True artists may not be wealthy in the world’s way of valuing things, but they are rich in spirit and enrich the world.
So, look around; see the beauty in the world. Cherish it and love it. And in any way you can, embrace and emulate it. Anything else is empty, loveless and demeaning to oneself and to the creation that at its beginning was pronounced “good.”
Lines from a letter attributed to Giovanni Giocondo say it well: “Life is so full of meaning and purpose, so full of beauty — beneath its covering — that you will find earth but cloaks your heaven. Courage, then to claim it, that is all. But courage you have, and the knowledge that we are all pilgrims together, wending through unknown country home.”

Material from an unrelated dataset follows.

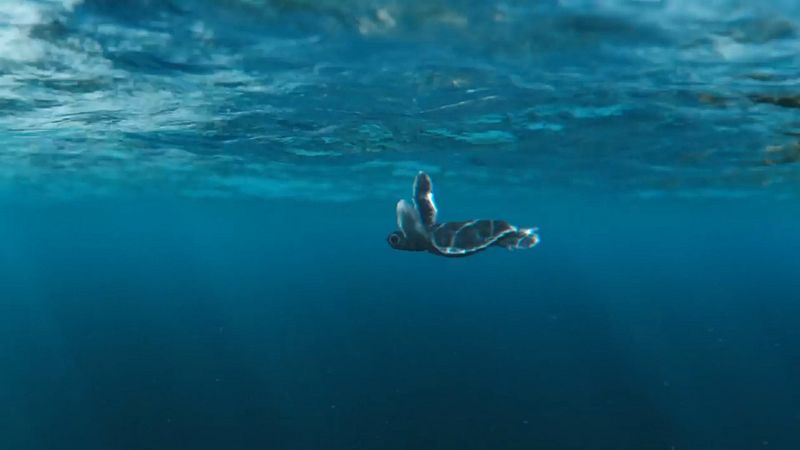 The Australian Marine Conservation Society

In these days of “awareness and urgency” that’s what artists and lovers of art will do.
Tom Reynolds is a retired pastor who lives in the Bridgewater Retirement Community in Bridgewater, Va. He served as pastor of Harrisonburg Baptist Church for 19 years and then served several churches as an intentional interim minister over the span of 10 years. In addition to playing pool, meditating, reading, writing, watercolor painting and playing Rook, he remains active in community ministries.